WHAT THE EXERCISE ASKS:
All records below should be repeated exactly, with the pictures left out.

Records from a data collection:

☆ ☆ ☆ ☆ ☆

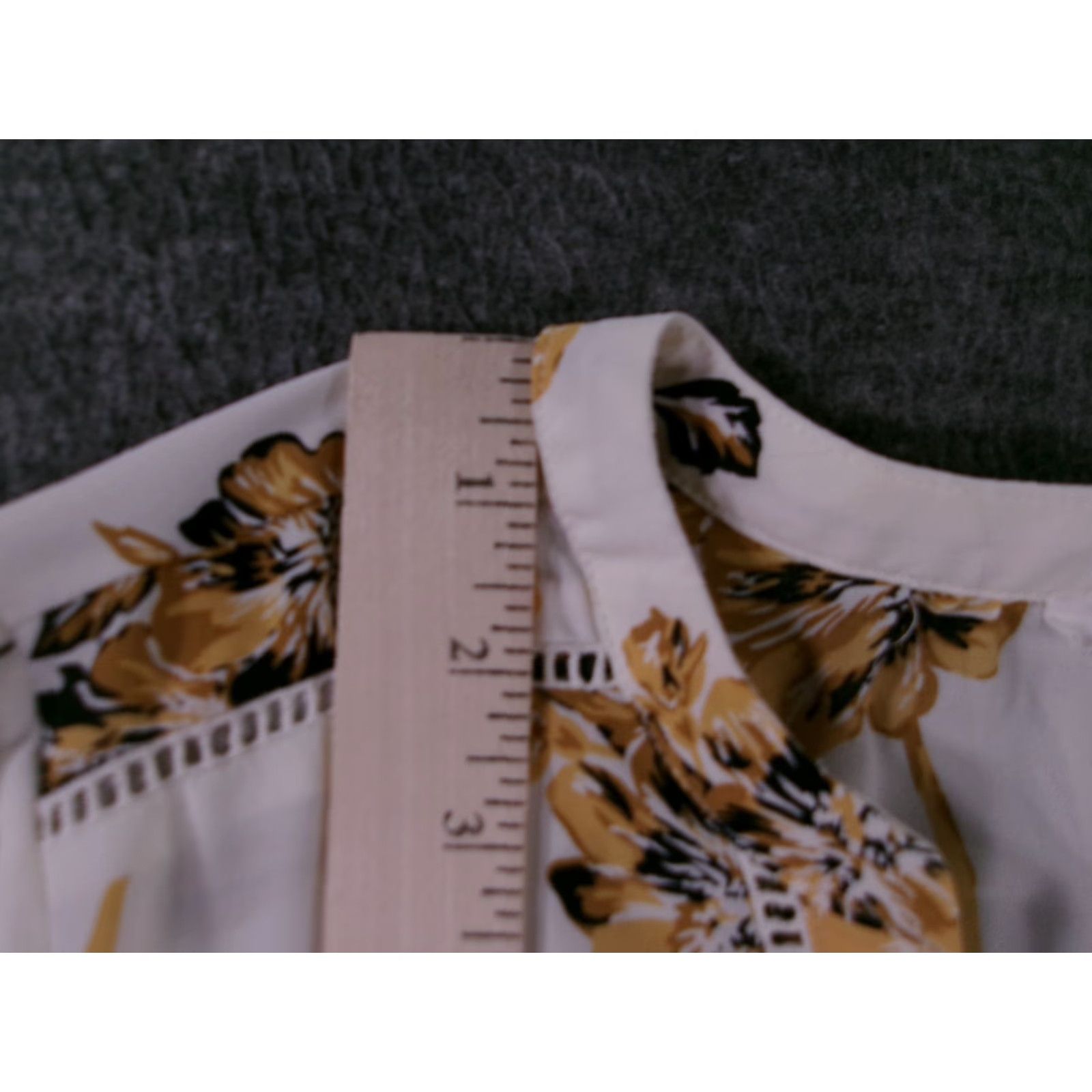 Vintage Maurices Shirt Women Small White Floral 3/4 Sleeve Tunic Boho Coastal Western V-Neck Bell Lace Trim 100% Polyester Floral Pattern Womens Size S / US 4 / IT 40 - 4 Thumbnail
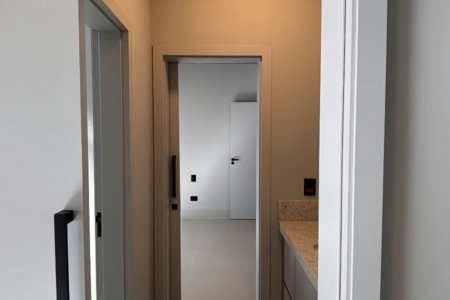 Casa à venda com 4 quartos, sendo 2 suítes, no condomínio Residencial Damha Belvedere, Presidente Prudente - SP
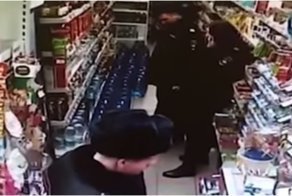 В Калининграде сотрудница полиции присвоила себе деньги, которые обронил семилетний школьник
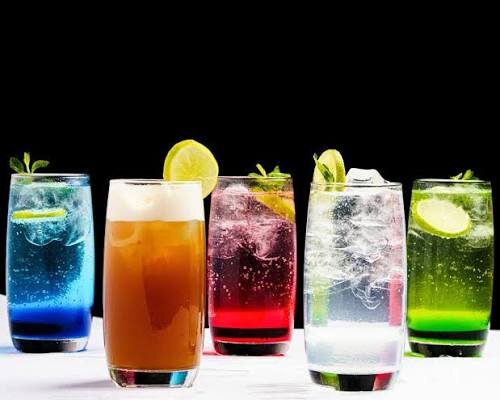 ۵ نوشیدنی برای کنترل قند خون و جلوگیری از افت انرژی عصرگاهی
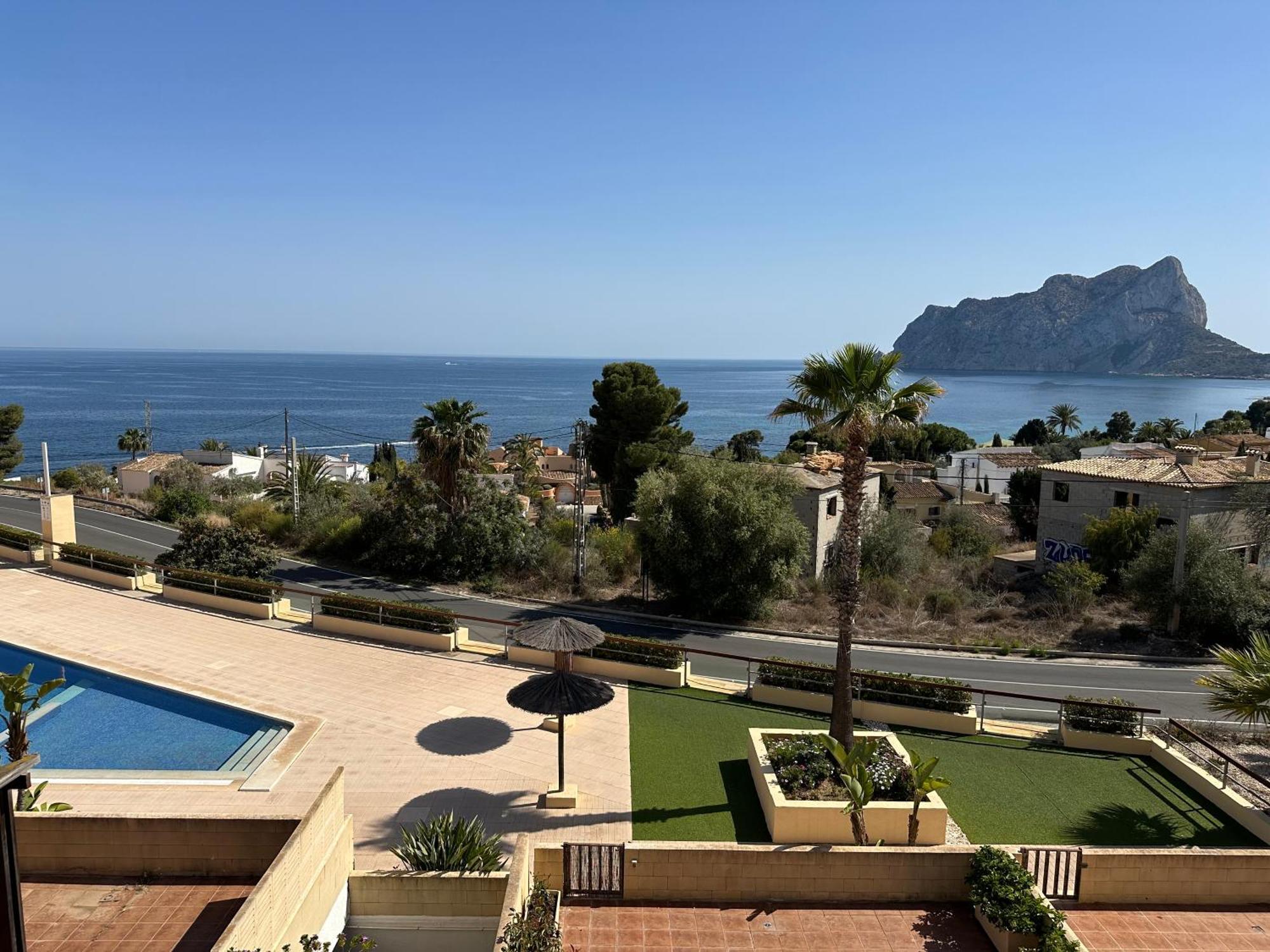 Chalet pareado con piscina y vistas al mar Calpe Exterior foto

☆ ☆ ☆ ☆ ☆

RESULT FOR THIS TASK:
 Vintage Maurices Shirt Women Small White Floral 3/4 Sleeve Tunic Boho Coastal Western V-Neck Bell Lace Trim 100% Polyester Floral Pattern Womens Size S / US 4 / IT 40 - 4 Thumbnail
 Casa à venda com 4 quartos, sendo 2 suítes, no condomínio Residencial Damha Belvedere, Presidente Prudente - SP
 В Калининграде сотрудница полиции присвоила себе деньги, которые обронил семилетний школьник
 ۵ نوشیدنی برای کنترل قند خون و جلوگیری از افت انرژی عصرگاهی
 Chalet pareado con piscina y vistas al mar Calpe Exterior foto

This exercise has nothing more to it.